Dad’s secret is mostly in his positive attitude. When I was young and became frustrated or disappointed by something that happened to me at home or school, dad would offer this advice: “For the same nickel, you can have a good attitude or a bad one.”
After facing serious health problems during the past two decades, Dad’s standard answer when asked how he is doing is “no pain, no complain.” But perhaps my favorite comment came on his 95th birthday, when – after finally having to give up doubles tennis – he wistfully remarked, “Oh, to be 90 again!”
Over the years, I have come to call Dad’s philosophy of living “daditude.” In a nutshell, it is this: Whatever happens to you, at any age or stage of life, you have to follow the “Three A’s Rule:” accept, adjust and advance. Simply put, we have to learn to accept our situation, adjust to the new realities that we now face and advance in order to live life to the fullest.
My father is not a religious man, but I have come to view his way of dealing with life as a form of an ethical will. An ethical will is a lovely Jewish tradition, the origins of which date back to the patriarch Jacob who, from his deathbed, counseled each of his 12 sons.

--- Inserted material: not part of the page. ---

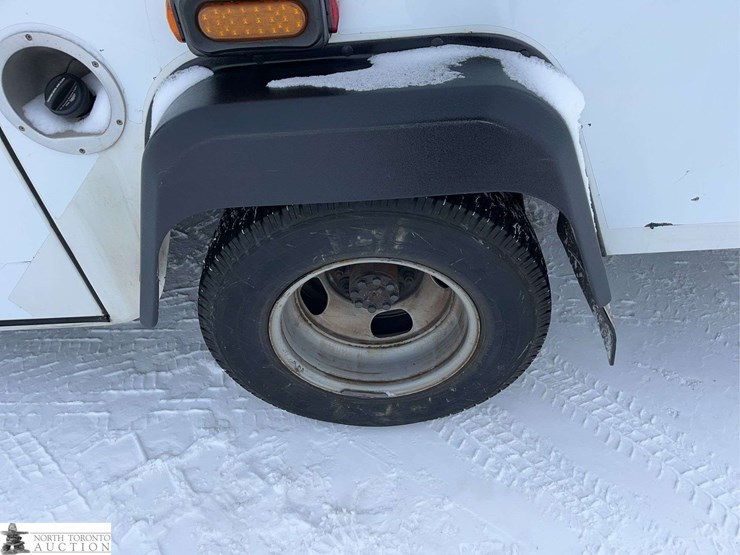 2016-chevrolet-express-g3500-image-11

In its simplest form, it is a transmission of the values, life lessons and wisdom a parent wants to impart to a child before that parent dies.
Unlike a legal will that disposes of property and possessions and must comply with state law, an ethical will bequeaths one’s innermost spiritual estate with no formal requirements. Traditionally, it is written in letter form at any time during one’s life. Some ethical wills are more like continuing letters, added to at various stages of life, such as a child’s birth, bar/bat mitzvah, graduation from college or marriage. Others are written once, later in life, incorporating desired, important values and life lessons. Sometimes they take the form of oral wisdom and life lessons, as in my dad’s case.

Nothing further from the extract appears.